Ninety percent or more. It's constantly with me.


----------



## Dankinia (Jun 20, 2009)

95% I read all my books on my Kindle. I do read the news online though and  2 magazines using the Kindle application for my Xoom.


----------



## SilverMaple (Oct 20, 2010)

At least 90%.


----------



## jabeard (Apr 22, 2011)

About 75%


----------



## history_lover (Aug 9, 2010)

Probably about 75%. I use my iPhone if I'm out and about - only take my Kindle if I'm travelling.


----------



## Bigal-sa (Mar 27, 2010)

Pretty close to 100% for non-web-based stuff since I got it. It's not 100% as I still occasionally have to use textbooks and the odd users' guide. I tried a dtb story the other day and didn't get past p1.


----------



## Mike D. aka jmiked (Oct 28, 2008)

I'm close to 100% on Kindle.
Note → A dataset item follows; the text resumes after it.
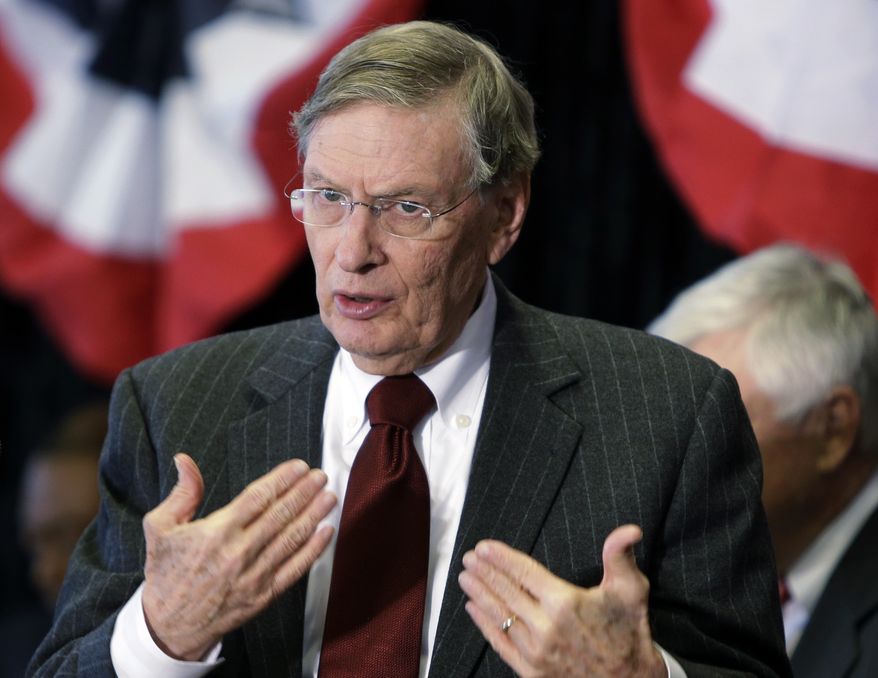 FILE - In this Jan. 23, 2013, file photo, MLB Commissioner Bud Selig speaks at a news conference at Great American Ballpark in Cincinnati. Selig told the Associated Press Sports Editors on Thursday, April 25, that baseball won't change its schedule to boost the sport's chances of getting back into the Olympics. (AP Photo/Al Behrman, File)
There are a few printed magazines I read, and the occasional DTB that is a collector's item that I buy, but other than that, it's Kindle all the way.

Mike


----------



## TLM (Apr 8, 2010)

If you include the Kindle app for the Droid - 95%.  I have quilting books and photo books that don't work as well for kindle and I still need in DTB form.


----------



## sebat (Nov 16, 2008)

100% of my reading is on Kindle.


----------



## NapCat (retired) (Jan 17, 2011)

No one ever said that "Kindling" is an "all-or-nothing" proposition.  I love my Kindle for traveling, waiting rooms, etc.  I do use it a great deal at home, however, much of my reading material is not Kindle friendly (coffee table books, guidebooks, technical manuals, anything with beautiful illustrations/photographs, etc).

My bookshelves are changing their appearance in that books that will not be reread are going to library donation and being replaced with colorful travel and hobby books.

My recreational reading is now about 75% Kindle/25% Paper......all technical reading is (and likely always will be) on paper.


----------



## mooshie78 (Jul 15, 2010)

99% of my leisure reading.

0% of my work reading (scholarly journal articles, scholarly books, text books, student papers etc.).  Those are probably 95% paperbooks or printouts of pdfs/word docs, 5% reading some PDFs in Goodreader on my iPad.


----------



## Me and My Kindle (Oct 20, 2010)

I'd say about 88% of my reading. When I first bought my Kindle, it was about 100% of my reading -- but I realize there's a couple rare cases where a print book works better.

For example, when I tried to read the journals of Lewis and Clark, I found that I really liked being able to flip back to the map that traced their route across America. Plus, I'm teaching myself computer programming, and some of the manuals I'm using just work better in book form. 

And the other day I started reading a free e-book edition of a classic children's story on my Kindle -- "The Wind in the Willows." But my version didn't have its black-and-white illustrations, and some of the reviewers pointed out that there were bits of the text which had gotten left out. So I decided I'd read this one as a book -- just like I did when I was a kid -- and try to savor the illustrations and the turning of pages one last time...


----------



## RiddleMeThis (Sep 15, 2009)

About 95%. And if I had to choose it would almost always be ebook over the paper version.


----------



## David McAfee (Apr 15, 2010)

I'd say probably only 50% or so. I still have a mountain of unread paperbacks, and I just can't see buying a second copy.


----------



## stormhawk (Apr 29, 2009)

About 90% are Kindled. I read a lot, but I read a lot more on Kindle. I have been known to buy Kindle editions even when I have DTBs. Yes, I'm one of those. Thoroughly addicted.


----------



## crebel (Jan 15, 2009)

I was going to say 100%, but that isn't quite right.  Magazines (rare), cookbooks (frequent) and children's books with my grandson (daily, at least an hour) are still paper form as is my bible which I prefer in paper for easier "flipping".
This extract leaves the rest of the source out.